**WORK TO COMPLETE**: Take each line from the entries that holds "world" and copy it out.

**RECORDS SHOWN**:
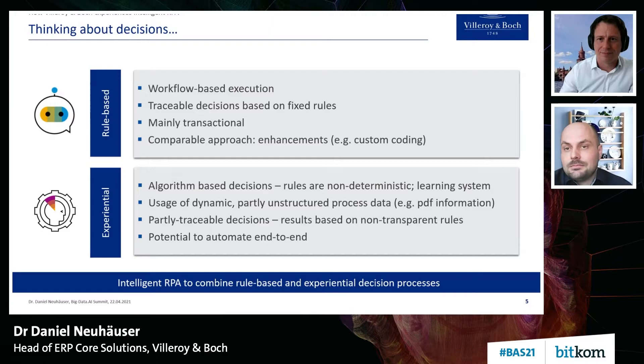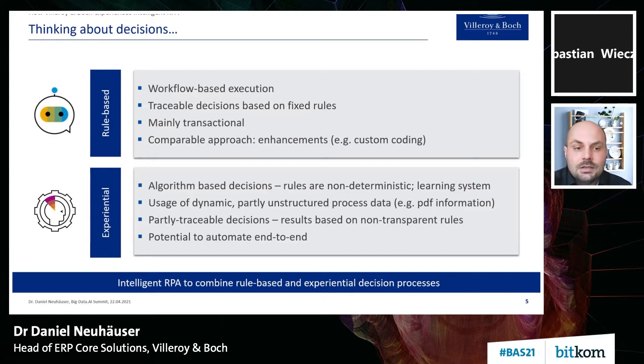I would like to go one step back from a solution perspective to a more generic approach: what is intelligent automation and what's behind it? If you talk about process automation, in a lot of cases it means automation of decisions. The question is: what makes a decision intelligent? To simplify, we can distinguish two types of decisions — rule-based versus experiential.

* * *

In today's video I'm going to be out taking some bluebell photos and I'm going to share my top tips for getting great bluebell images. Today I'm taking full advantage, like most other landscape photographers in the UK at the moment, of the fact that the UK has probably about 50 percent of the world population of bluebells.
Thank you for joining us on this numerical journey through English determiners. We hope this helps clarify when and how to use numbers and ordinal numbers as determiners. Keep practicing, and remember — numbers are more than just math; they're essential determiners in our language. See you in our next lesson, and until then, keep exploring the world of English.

==

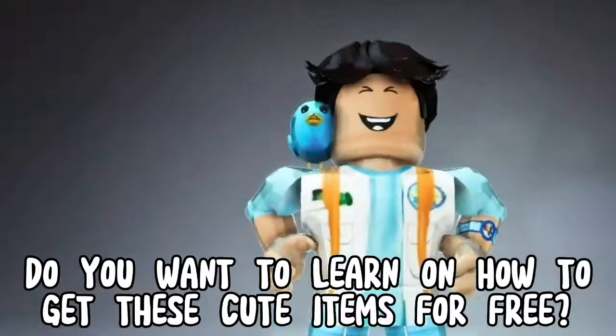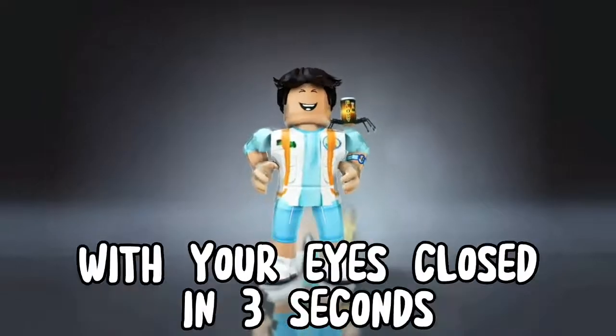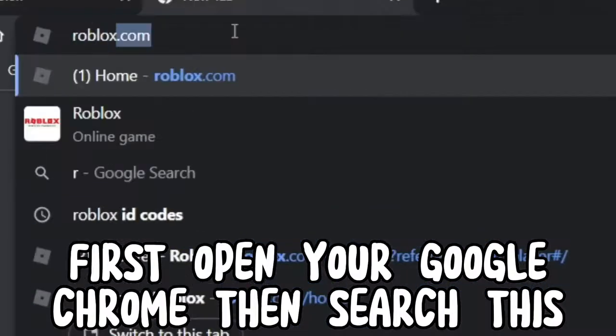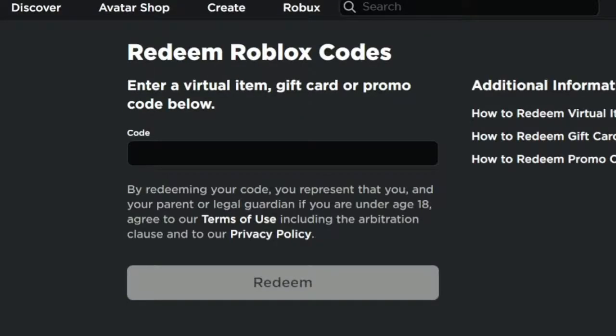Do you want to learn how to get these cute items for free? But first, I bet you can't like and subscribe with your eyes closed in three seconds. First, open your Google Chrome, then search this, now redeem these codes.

**RESPONSE AREA**:
In today's video I'm going to be out taking some bluebell photos and I'm going to share my top tips for getting great bluebell images. Today I'm taking full advantage, like most other landscape photographers in the UK at the moment, of the fact that the UK has probably about 50 percent of the world population of bluebells.
Thank you for joining us on this numerical journey through English determiners. We hope this helps clarify when and how to use numbers and ordinal numbers as determiners. Keep practicing, and remember — numbers are more than just math; they're essential determiners in our language. See you in our next lesson, and until then, keep exploring the world of English.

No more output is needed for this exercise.